Regression adjustment compares like with like: $1,676

estimate_ra = model.estimate_effect(
    identified_estimand,
    method_name="backdoor.linear_regression",
    confidence_intervals=True)   # ATE = $1,676.34

Models \(E[Y \mid X, T]\) and reads the treatment coefficient — the gap at the same covariate values.

IPW re-weights surprising cases by \(1/\hat{e}(X)\): $1,559

\[\hat{\tau}_{IPW} = \frac{1}{n}\sum_{i=1}^{n}\left[\frac{T_i Y_i}{\hat{e}(X_i)} - \frac{(1-T_i)Y_i}{1-\hat{e}(X_i)}\right]\]

A treated worker who was unlikely to be treated (\(\hat{e} = 0.1\)) gets weight 10 — they are the most informative comparison.

AIPW gets two shots at the truth: $1,620

\[\hat{\tau}_{DR} = \frac{1}{n}\sum_{i=1}^{n}\left[\hat{\mu}_1(X_i) - \hat{\mu}_0(X_i) + \frac{T_i(Y_i - \hat{\mu}_1(X_i))}{\hat{e}(X_i)} - \frac{(1-T_i)(Y_i - \hat{\mu}_0(X_i))}{1-\hat{e}(X_i)}\right]\]

Consistent if either the outcome model or the propensity model is correct — belt and suspenders.

All five adjusted estimators agree: $1,559 to $1,736

Method Estimated ATE What it models
Naive (diff. in means) $1,794 nothing
Regression adjustment $1,676 outcome
IPW $1,559 treatment
Doubly robust (AIPW) $1,620 both
PS stratification $1,617 treatment
PS matching $1,736 treatment (→ ATT)

The doubly robust $1,620 is the most credible single estimate — it survives misspecification of either model.

The Resolution

Act III

Step 4 — Refute: a placebo treatment collapses the effect to $62

$62

Placebo ATE after randomly permuting treatment (\(p = 0.92\)) — down from $1,676

Add a fake confounder, drop 20% of the data — the estimate barely moves

Refutation test New effect p-value Reading
Placebo treatment $62 0.92 effect vanishes
Random common cause $1,676 0.90 stable with noise
Data subset (80%) $1,728 0.80 stable across subsamples

Surviving placebo, random-common-cause, and subset tests is evidence, not proof — refutation can falsify, never confirm.

Does machine-picked adjustment make this causal?
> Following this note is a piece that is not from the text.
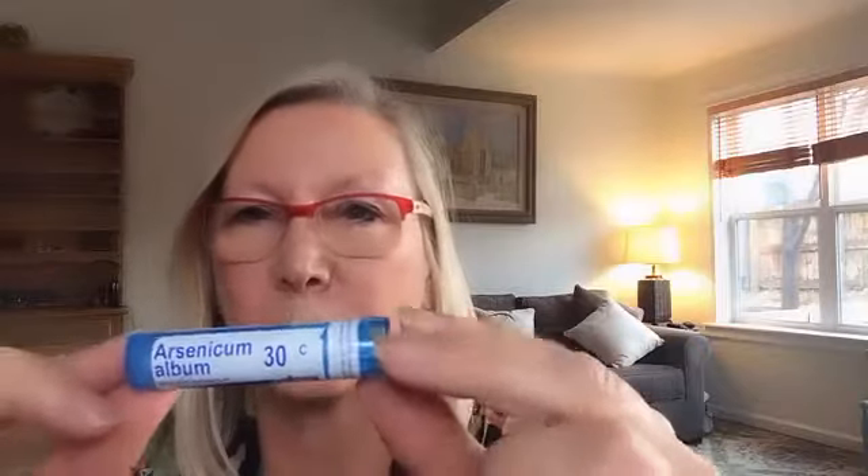The dilutions go 2 times, 6 times, 12 times, 30 times, 200 times, a thousand times, and so on. The Arsenicum Album you want to get — available in most health food stores that carry homeopathic remedies in the little blue tubes — is called Arsenicum Album 30c potency, meaning it has been diluted in 99 drops of water 30 times. So a 30c is made from a 29c, which is made from a 28c, and so on.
No — one assumption still carries the weight

Objection. DoWhy automated the workflow, so the estimate must be airtight.

Response. The ATE is identified only under unconfoundedness — no hidden common cause of training and earnings. The four steps make assumptions explicit and testable; they cannot manufacture identification. Here randomization makes unconfoundedness credible; in observational data it is the load-bearing risk.

The training effect is real: ~$1,620, a 34–38% earnings gain

$1,620

Doubly robust ATE on a control mean of $4,555 · five methods agree · refutation tests survive

State your assumptions, identify the estimand, then let the data — and the refutations — speak.